#### Task details:
The answer must be an exact copy of the records below, with every picture left out.

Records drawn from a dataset
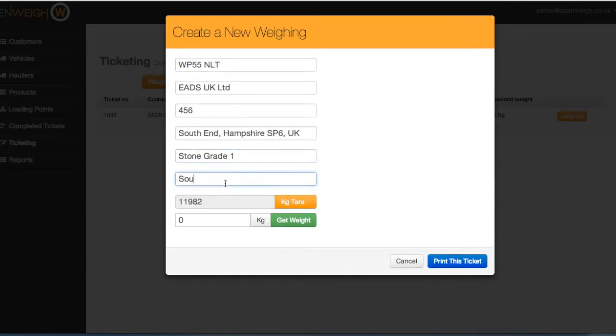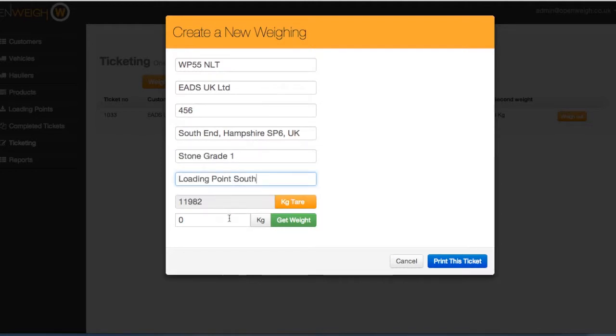Weighing vehicles that are on your weighbridge is simple. At the click of a button, the current weight from the weighbridge is entered into the ticket.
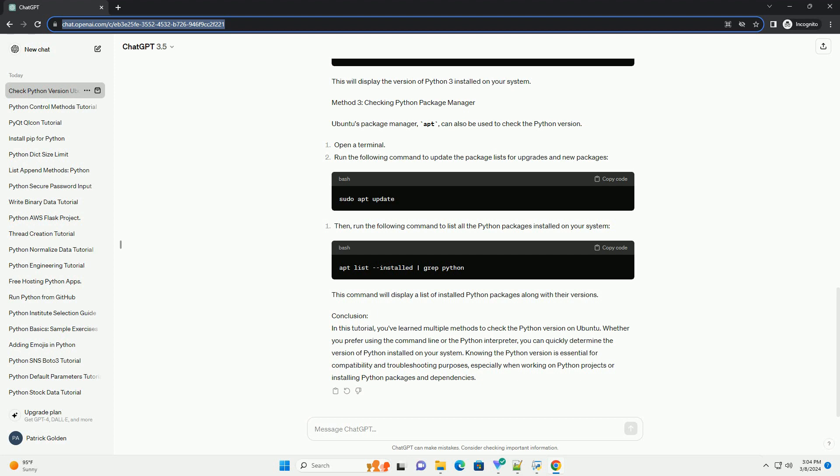Conclusion. In this tutorial, you've learned multiple methods to check the Python version on Ubuntu. Whether you prefer using the command line or the Python interpreter, you can quickly determine the version of Python installed on your system.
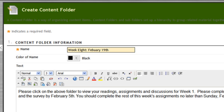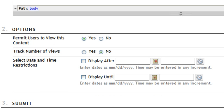Some of the options that you have are to make it available, track the number of views, or make it available between certain dates.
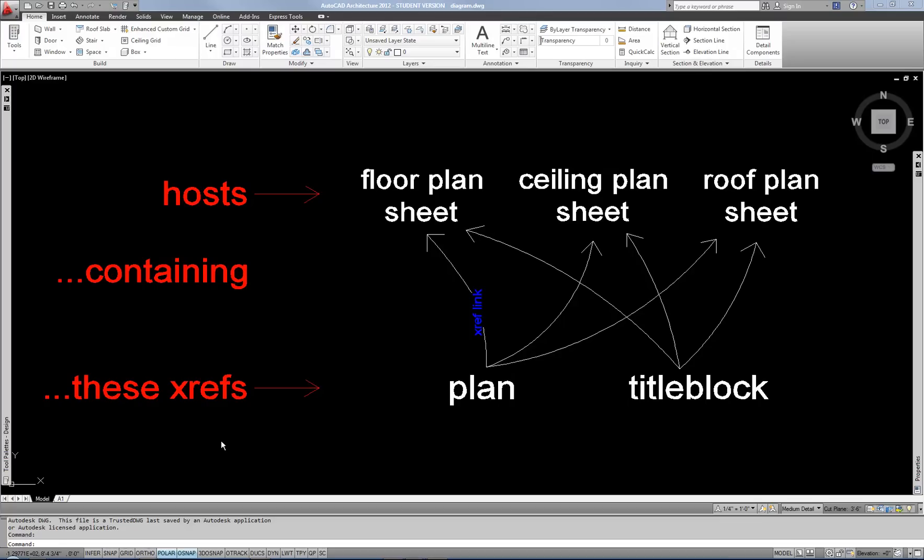Hello there. This is a continuation of my XRef video, kind of part two, where I go into a little bit more detail about some of the slightly more advanced tools for working with external references.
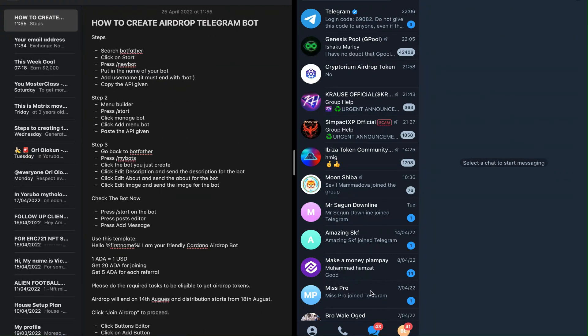Hi guys, welcome back to my channel. In this video you will learn how to create a Telegram token airdrop bot without any coding knowledge. If you just created a new token or you are working for a particular client, one of the main reasons to airdrop a token is to actually grow and promote your token project. To do that, you will need to create a Telegram bot that automatically airdrops and collects wallet addresses of users who are interested in your project.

#### Answer to the problem:
Weighing vehicles that are on your weighbridge is simple. At the click of a button, the current weight from the weighbridge is entered into the ticket.
Conclusion. In this tutorial, you've learned multiple methods to check the Python version on Ubuntu. Whether you prefer using the command line or the Python interpreter, you can quickly determine the version of Python installed on your system.
Some of the options that you have are to make it available, track the number of views, or make it available between certain dates.
Hello there. This is a continuation of my XRef video, kind of part two, where I go into a little bit more detail about some of the slightly more advanced tools for working with external references.
Hi guys, welcome back to my channel. In this video you will learn how to create a Telegram token airdrop bot without any coding knowledge. If you just created a new token or you are working for a particular client, one of the main reasons to airdrop a token is to actually grow and promote your token project. To do that, you will need to create a Telegram bot that automatically airdrops and collects wallet addresses of users who are interested in your project.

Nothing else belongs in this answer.